JERUSALEM: L'armée israélienne a annoncé lundi avoir lancé des "opérations terrestres limitées et ciblées" contre le mouvement pro-iranien Hezbollah dans le sud du Liban.

"Ces derniers jours, des soldats israéliens de la 91e division ont commencé des opérations terrestres limitées et ciblées contre des bastions clés du Hezbollah dans le sud du Liban, visant à renforcer la zone de défense avancée" en territoire libanais, le long de la frontière entre le nord d'Israël et le sud du Liban, a déclaré l'armée dans un communiqué.

"Ces activités s'inscrivent dans le cadre des efforts défensifs plus larges visant à établir et à renforcer une posture défensive avancée, qui comprend le démantèlement de l'infrastructure terroriste et l'élimination des terroristes opérant dans la zone, afin de (...) créer une couche supplémentaire de sécurité pour les habitants du nord d'Israël", ajoute le communiqué.

L'armée a précisé qu'avant l'entrée de ses soldats dans ce secteur, elle avait "mené des frappes d'artillerie et aériennes contre de nombreuses cibles terroristes".

Le Liban a été entraîné dans la guerre au Moyen-Orient le 2 mars, lorsque le Hezbollah a attaqué Israël en riposte à l'assassinat du guide suprême iranien, l'ayatollah Ali Khamenei, tué le 28 février par une frappe israélienne sur Téhéran.

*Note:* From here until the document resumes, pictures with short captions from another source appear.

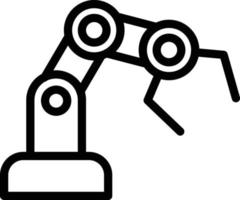 Vector Design Mechanical Arm Icon Style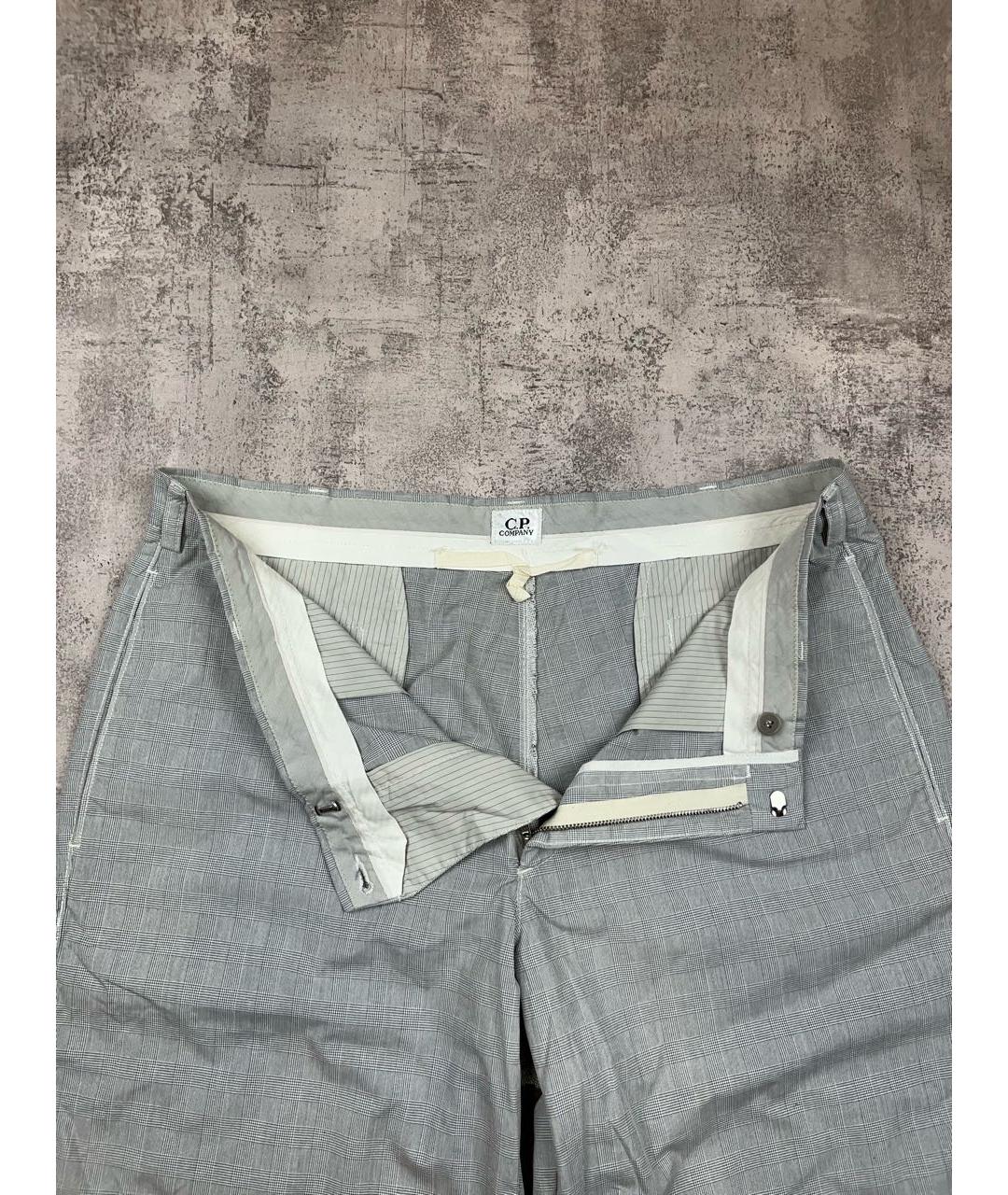CP COMPANY Серые хлопковые шорты, фото 4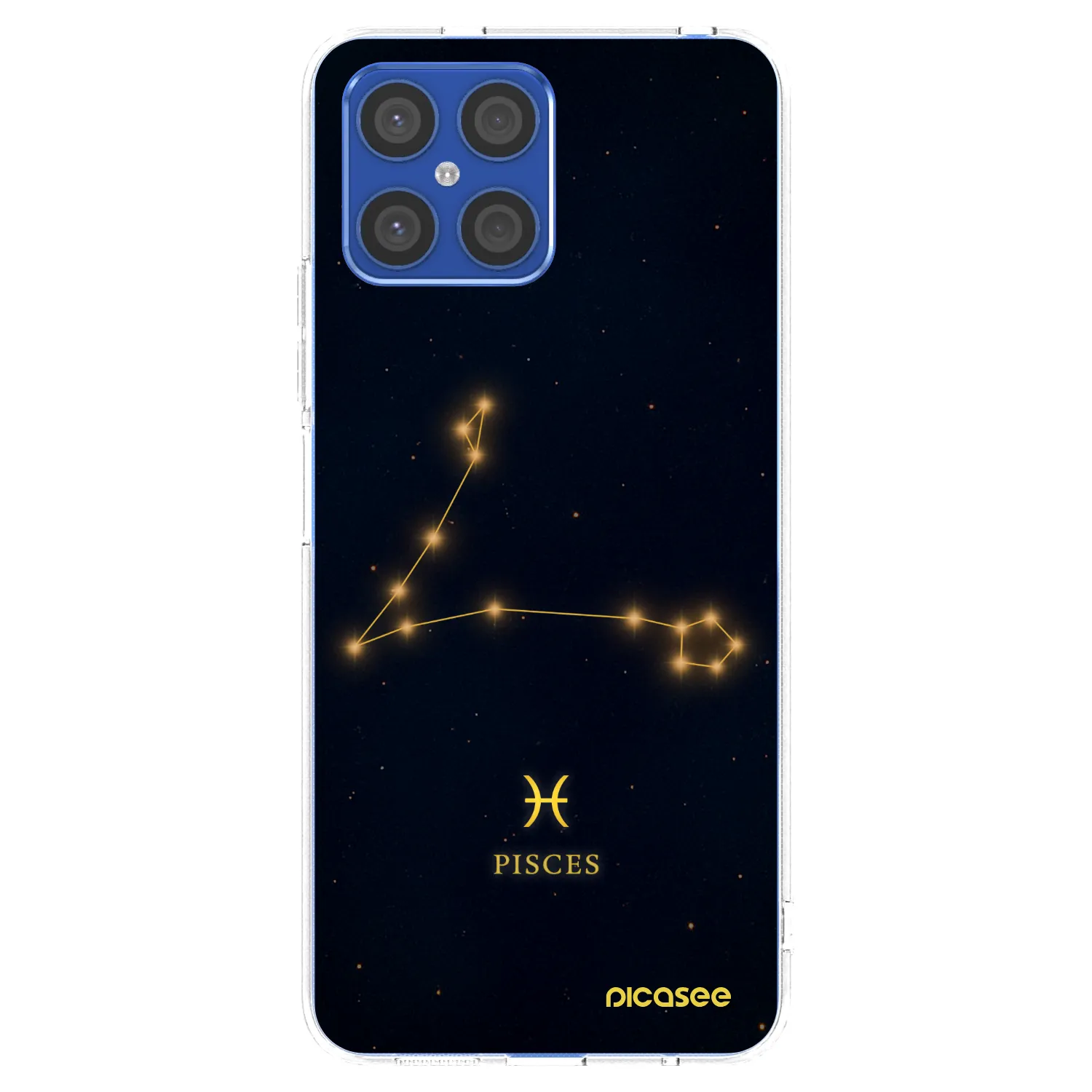 Picasee silikonový průhledný obal pro Honor X8 4G - PISCES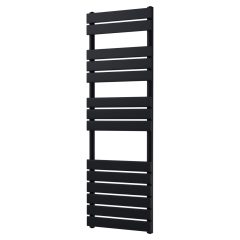   HD Demos Black 1400x500 mm design törölközőszárító radiátor, matt fekete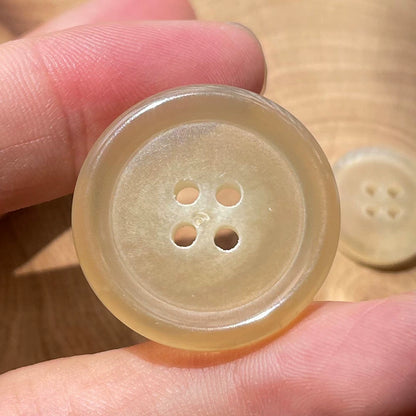 3300★  Natural Button Buffalo Horn Button Men's Suit Trousers Coat Jacket Button Round Versatile Women's Beige Retro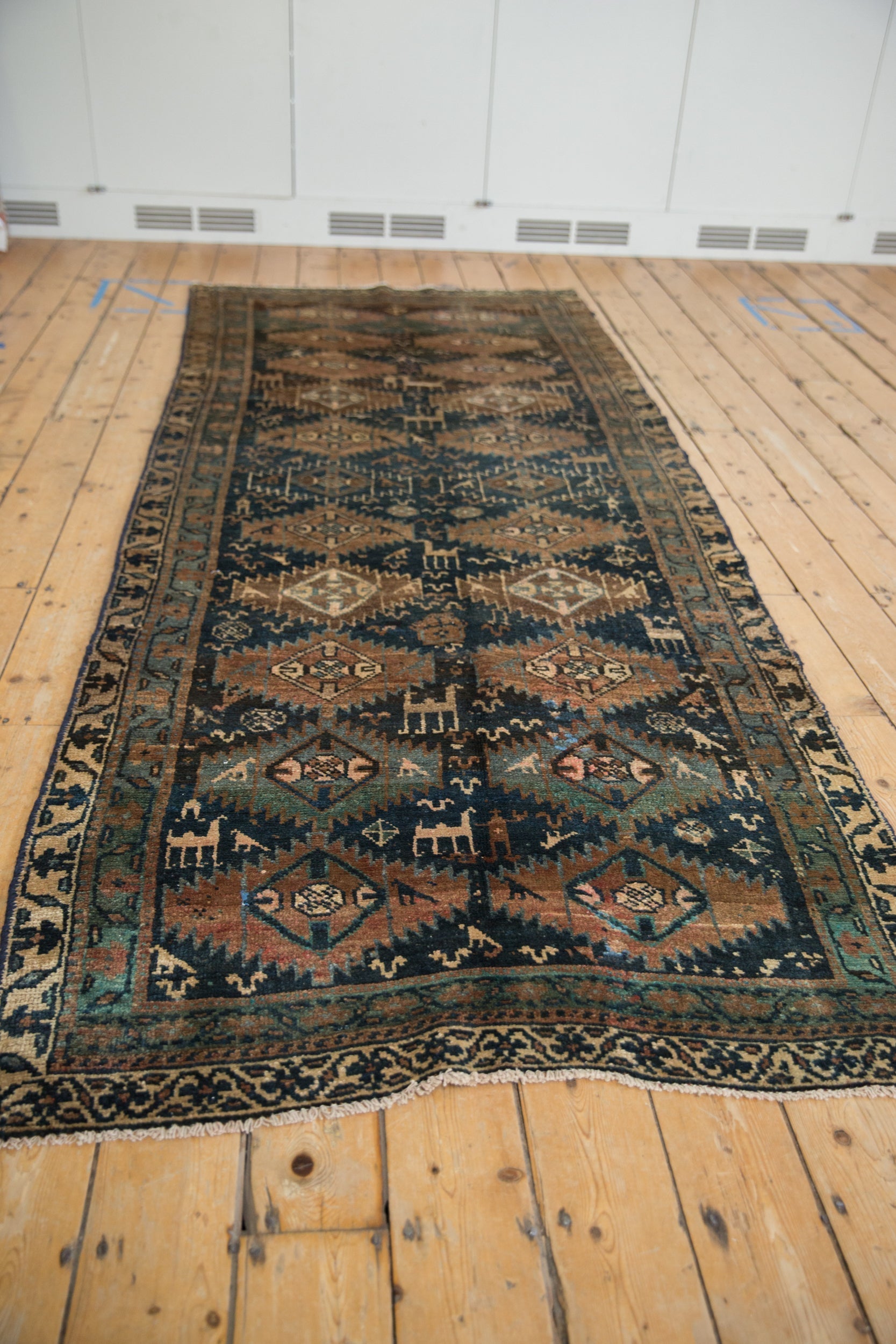 4x10.5 Vintage Distressed Kurd Rug Runner by Old New House® - product image 7 for Resin Society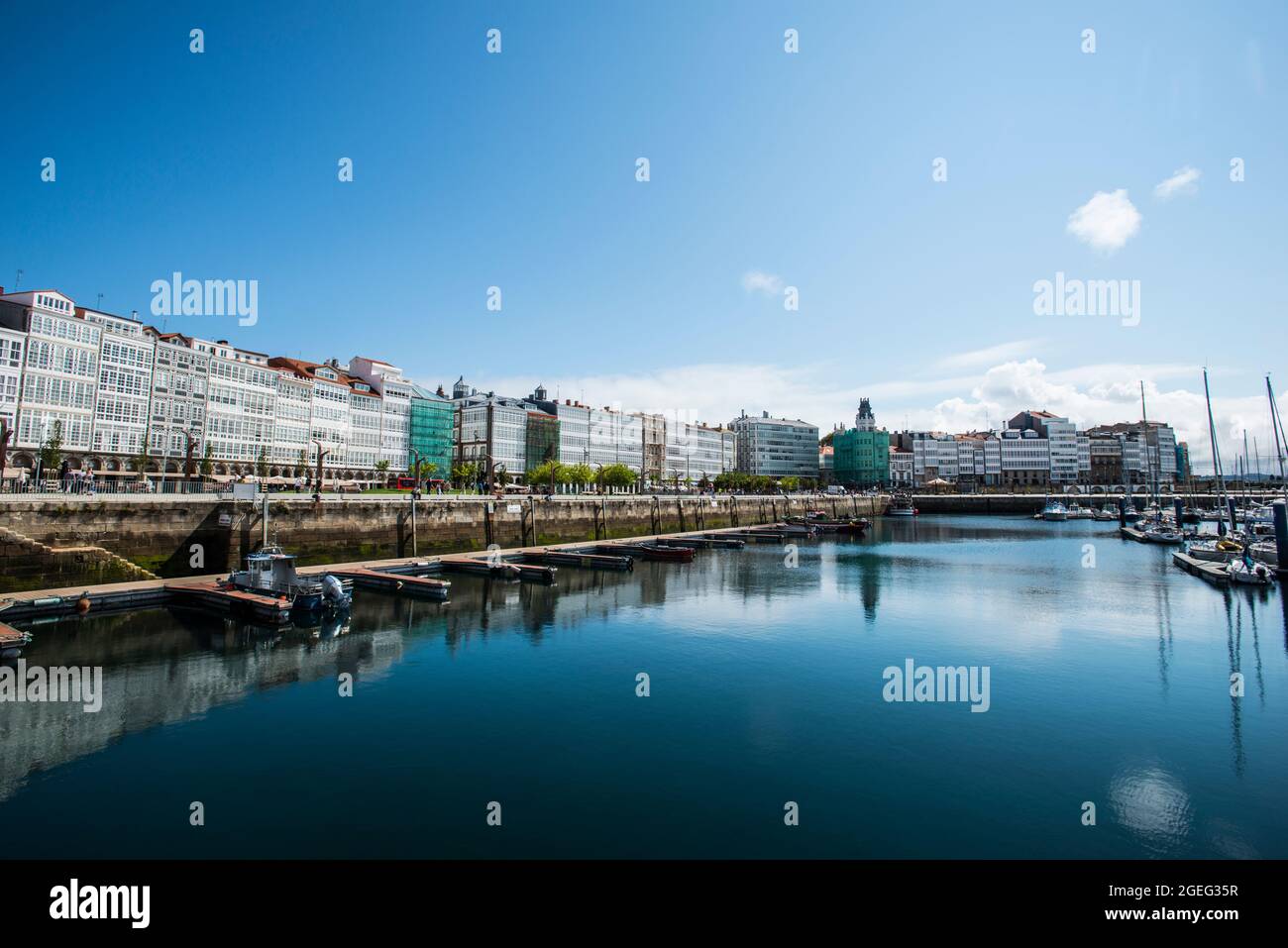 View of the Port of La Coruña Stock Photo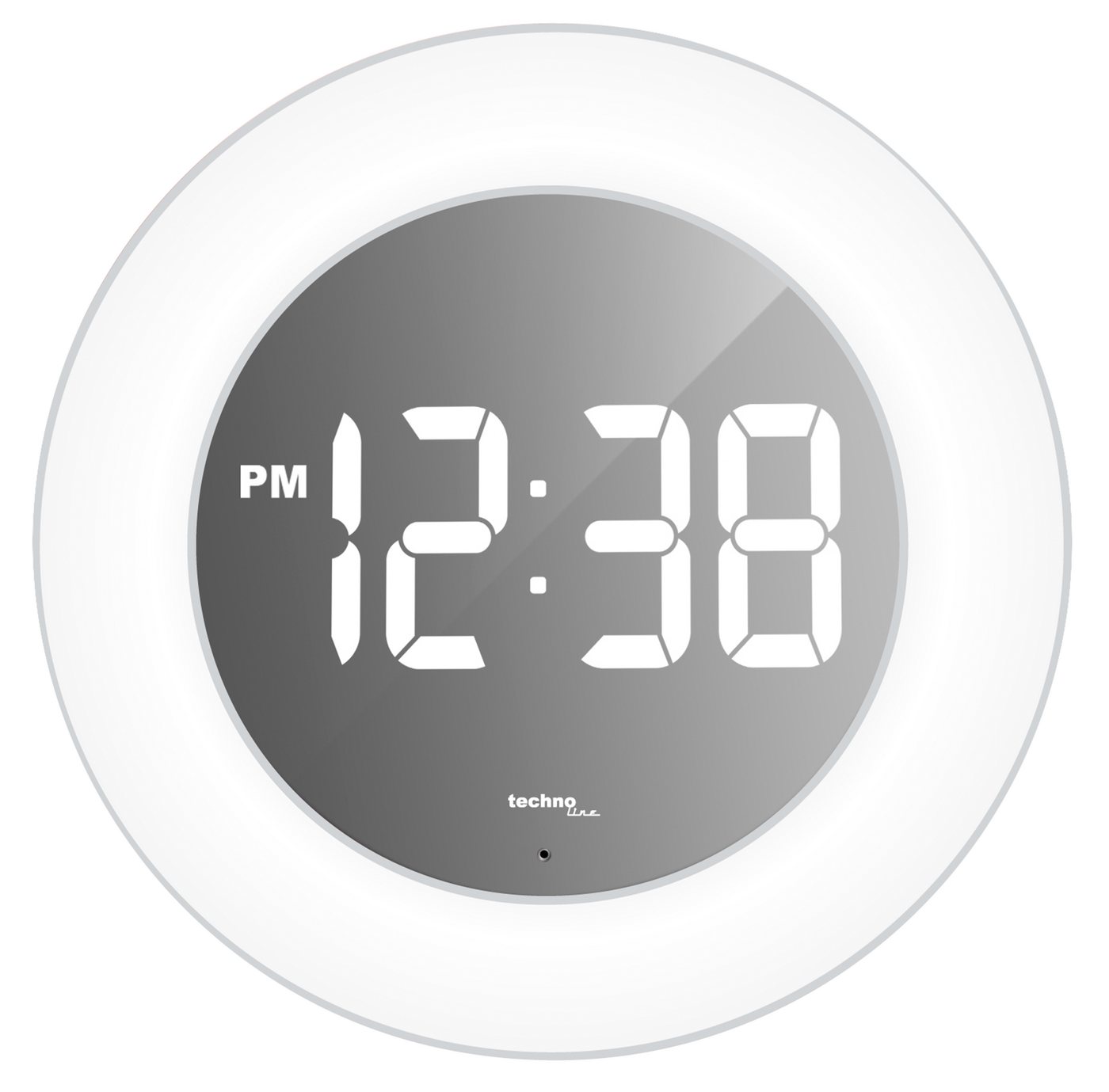 technoline Wanduhr WS 8086 (mit Stimmungslicht und Klatschschalter) von technoline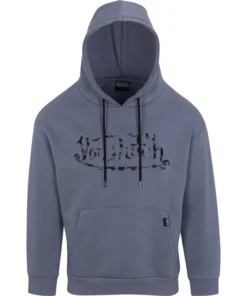 Von Dutch Blueberry Cheetah Wordmark Hoodie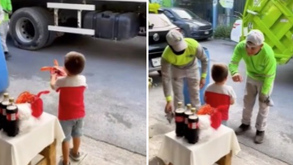 Niño conmueve las redes sociales al invitar a su festejo de cumpeleaños a los trabajadores de basura.
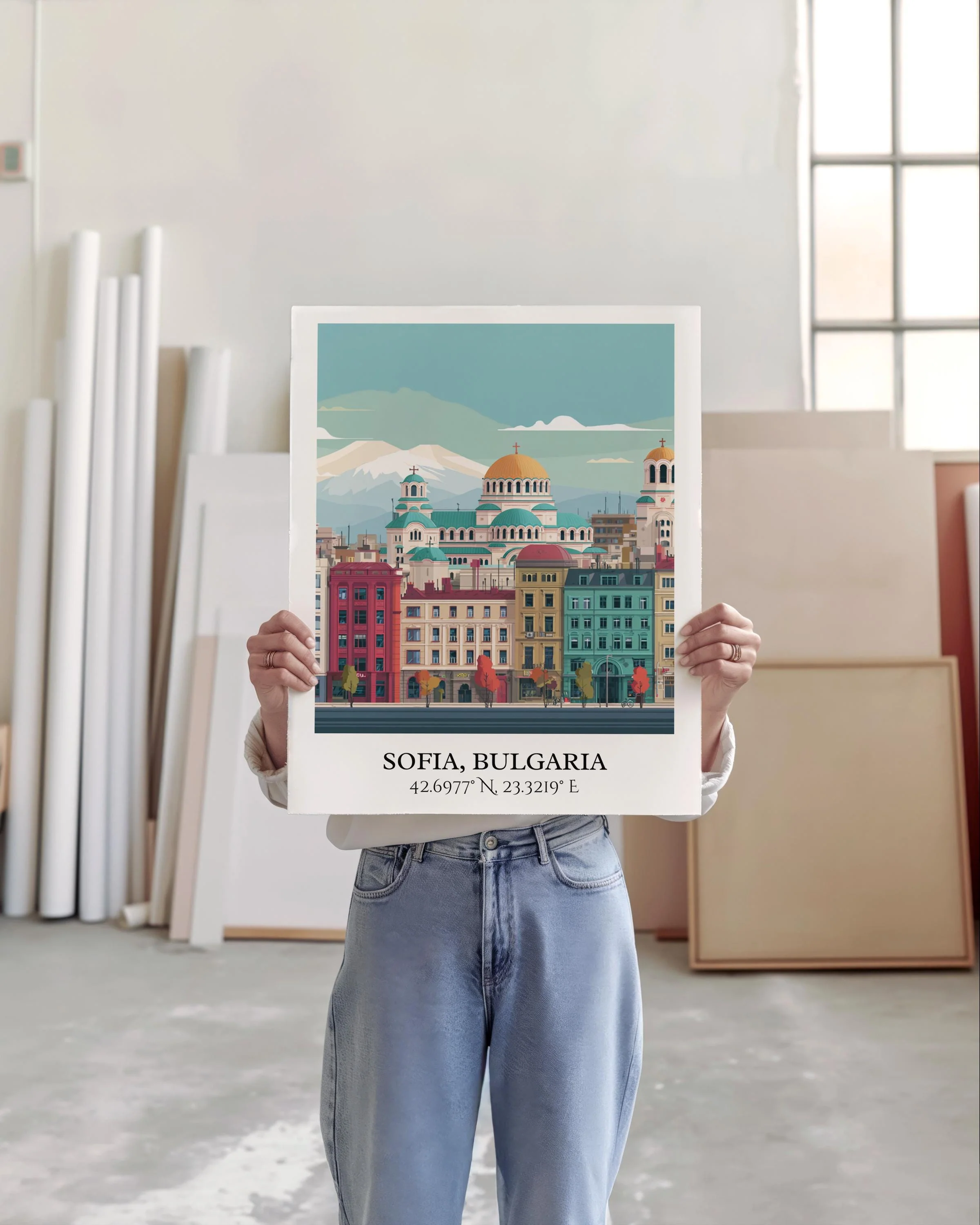 Sofia, Bulgaria – Watercolor Art Print - Image 3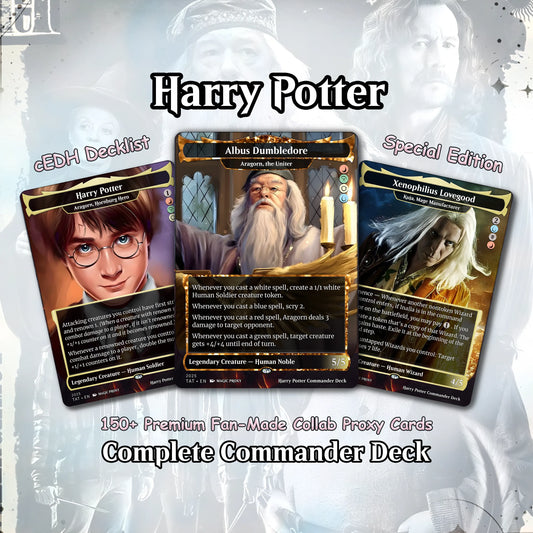 Harry Potter Dumbledore's Army MTG Commander Deck - Complete Custom EDH Deck Magic Proxy Cards Proxies Complete Premium Print Quality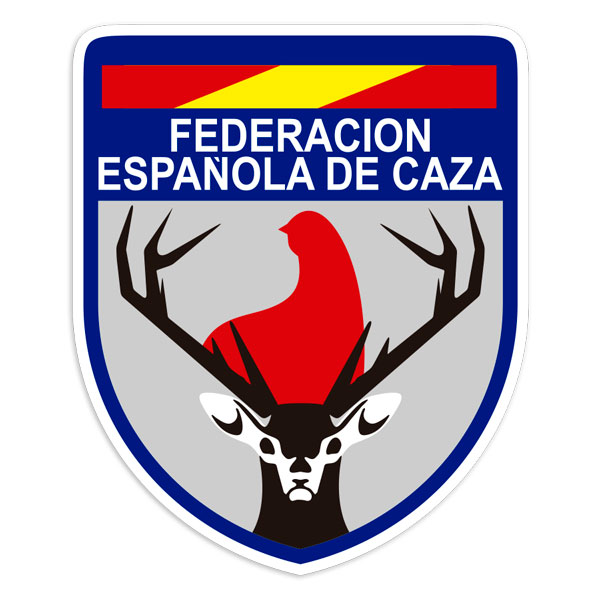 Pegatinas: Escudo Federaci&oacute;n Espa&ntilde;ola de Caza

Israël a lancé en riposte des frappes aériennes massives sur le Liban, qui ont déjà fait 850 morts, tout en menant des incursions dans les zones frontalières du sud du Liban, assurant vouloir ainsi protéger les populations du nord d'Israël.

Lors du précédent conflit entre Israël et le Hezbollah, en 2023 et 2024, 60.000 habitants du nord d'Israël avaient été déplacés par les combats. Le gouvernement israélien a promis cette fois d'éviter de tels déplacements de population.